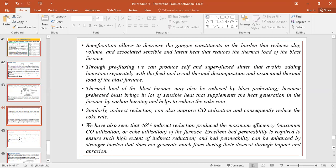Apart from this, the thermal load of the blast furnace may also be reduced by using a preheated blast. We basically inject a preheated blast to the tuyeres which has a temperature of around 1100 degrees Centigrade. This preheated blast brings in a lot of sensible heat that supplements the heat during carbon burning in the furnace, and that will help in reducing the coke rate.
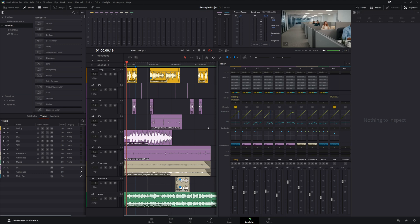Here's how we're going to approach this: we're not going to slap reverb or delay on every single track individually — that's a nightmare to manage and it'll make your mix inconsistent. Instead, we're going to create effects sends. We'll create an individual bus for delay and an individual bus for reverb, then send a signal from each track to those buses. That way, we keep everything clean and consistent, and adjustments are way easier down the line.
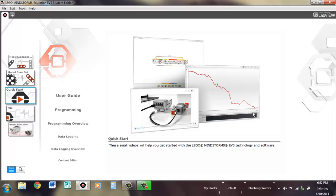Hi, I'm Brennan from FRC Team 4476 Waffles Community Robotics. I am a mentor for the Waffles FLL teams and have been for the past three years. Before that I was a student for four or five years on the Waffles FLL team as well.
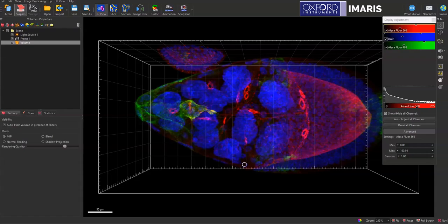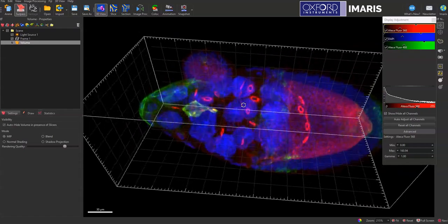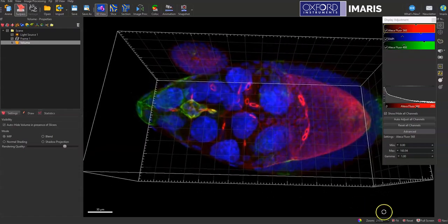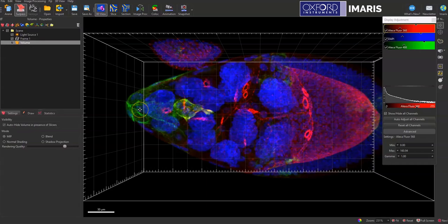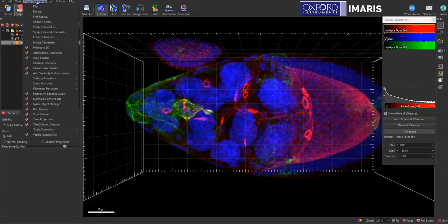So the first thing you can see here is that I have a 3D image and what I need to do to turn this into a mock time lapse so I can separate those different Z planes is to go to image processing and then select swap time and Z.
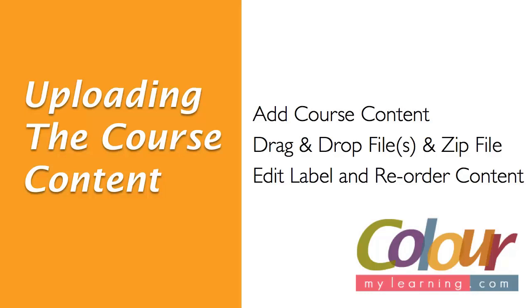Hi, my name is Sam. Welcome to another screencast episode on ColourMyLearning.com. In this video, we're going to look at uploading the course content onto Moodle. Now we're going to add course content into the course area and we'll show you how to drag and drop files and zip files into the course area itself. After which we will then look at how to edit the labels of the content that was just uploaded and how to reorder them in the course area.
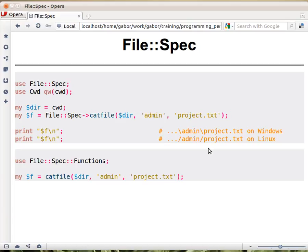So the way you would use it, there are two ways to use that, two APIs. One of them is loading the File::Spec module and then calling the catfile method on it. It's an object-oriented way or partially object-oriented way.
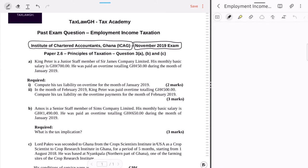As I always say, read the requirement first and then you can tell what the question is about. Part A says: compute his tax liability on overtime for the month of January 2019. Part A(ii) says: in the month of February he was paid overtime totaling 500 Ghana cedis — compute his tax liability on that overtime payment. So both deal with overtime. Part B says Amos is a senior staff member with a monthly basic salary of 1,490, paid overtime of 650 in January — what is the tax implication? That's three marks.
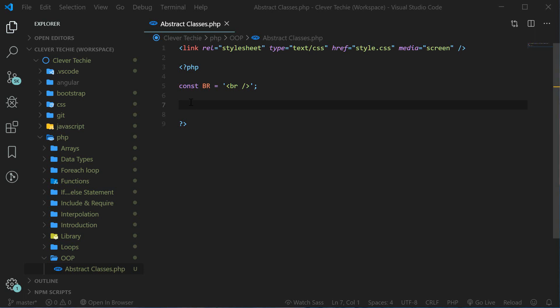Hey guys, what's going on? It's Clever Techie and in this video we're going to cover PHP abstract classes.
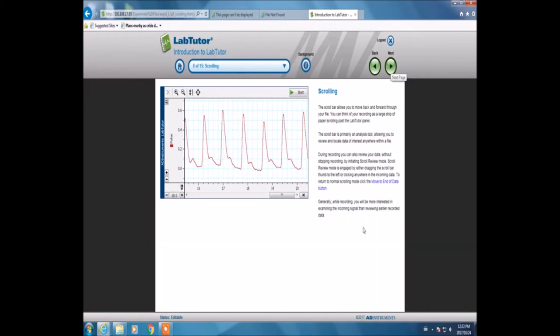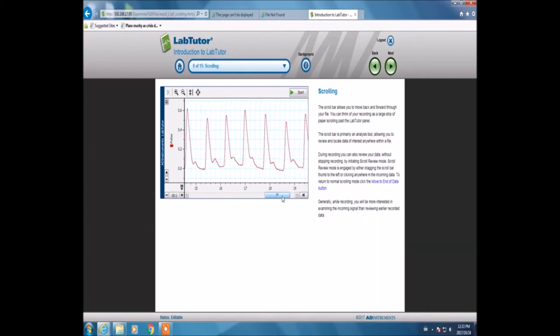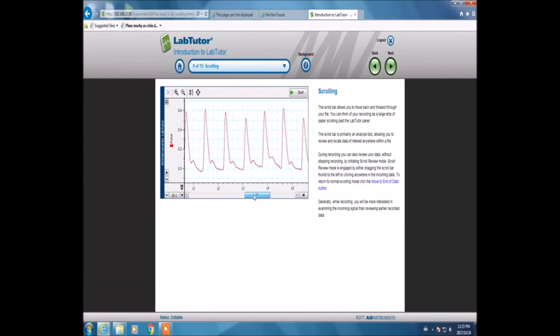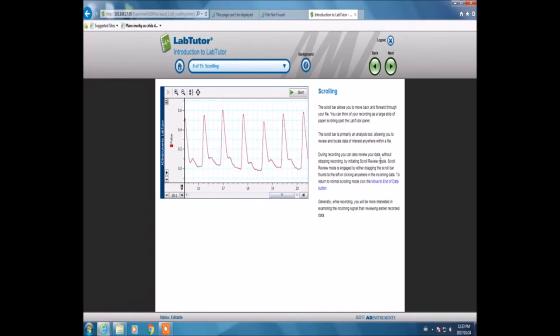Now we're at the scrolling panel, learning how to use the scroll. You can scroll backwards and forwards. Scrolling gives you an option to look at your data.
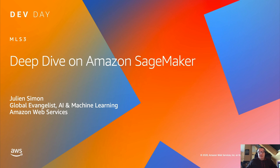Hi everyone, welcome to this new session on Amazon SageMaker. If you have any questions please submit them via the questions pane on the control panel and I will answer them at the end. A copy of the slides can be found in the handout tab on the control panel and you will get a copy of the recording in a follow-up email after the event.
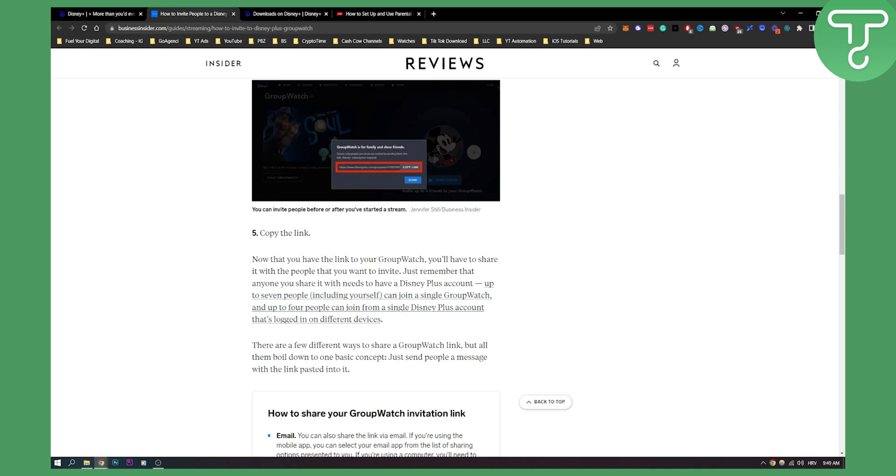That's basically it—that's how to invite friends to group watch on Disney Plus. If you have any questions, comment down below, and we'll see you in the next video. Thank you guys for watching.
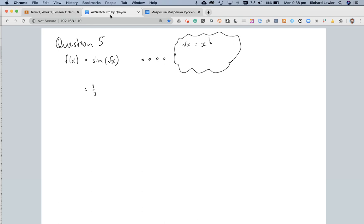Well, I bring the power down, so that's a half, x to the power of, and then we subtract 1 from the power, so a half minus 1 is minus a half. There we go. That's the derivative of that. I'll just make that 2 a little bit clearer.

========================================

§ ACTIVITY
Word-for-word output of the material above is needed, with the pictures left out.

§ RESULT OF THE TASK
Apart from this, the thermal load of the blast furnace may also be reduced by using a preheated blast. We basically inject a preheated blast to the tuyeres which has a temperature of around 1100 degrees Centigrade. This preheated blast brings in a lot of sensible heat that supplements the heat during carbon burning in the furnace, and that will help in reducing the coke rate.
Here's how we're going to approach this: we're not going to slap reverb or delay on every single track individually — that's a nightmare to manage and it'll make your mix inconsistent. Instead, we're going to create effects sends. We'll create an individual bus for delay and an individual bus for reverb, then send a signal from each track to those buses. That way, we keep everything clean and consistent, and adjustments are way easier down the line.
Hi, I'm Brennan from FRC Team 4476 Waffles Community Robotics. I am a mentor for the Waffles FLL teams and have been for the past three years. Before that I was a student for four or five years on the Waffles FLL team as well.
So the first thing you can see here is that I have a 3D image and what I need to do to turn this into a mock time lapse so I can separate those different Z planes is to go to image processing and then select swap time and Z.
Hi, my name is Sam. Welcome to another screencast episode on ColourMyLearning.com. In this video, we're going to look at uploading the course content onto Moodle. Now we're going to add course content into the course area and we'll show you how to drag and drop files and zip files into the course area itself. After which we will then look at how to edit the labels of the content that was just uploaded and how to reorder them in the course area.
So the way you would use it, there are two ways to use that, two APIs. One of them is loading the File::Spec module and then calling the catfile method on it. It's an object-oriented way or partially object-oriented way.
As I always say, read the requirement first and then you can tell what the question is about. Part A says: compute his tax liability on overtime for the month of January 2019. Part A(ii) says: in the month of February he was paid overtime totaling 500 Ghana cedis — compute his tax liability on that overtime payment. So both deal with overtime. Part B says Amos is a senior staff member with a monthly basic salary of 1,490, paid overtime of 650 in January — what is the tax implication? That's three marks.
Hey guys, what's going on? It's Clever Techie and in this video we're going to cover PHP abstract classes.
Now we're at the scrolling panel, learning how to use the scroll. You can scroll backwards and forwards. Scrolling gives you an option to look at your data.
Hi everyone, welcome to this new session on Amazon SageMaker. If you have any questions please submit them via the questions pane on the control panel and I will answer them at the end. A copy of the slides can be found in the handout tab on the control panel and you will get a copy of the recording in a follow-up email after the event.
That's basically it—that's how to invite friends to group watch on Disney Plus. If you have any questions, comment down below, and we'll see you in the next video. Thank you guys for watching.
Well, I bring the power down, so that's a half, x to the power of, and then we subtract 1 from the power, so a half minus 1 is minus a half. There we go. That's the derivative of that. I'll just make that 2 a little bit clearer.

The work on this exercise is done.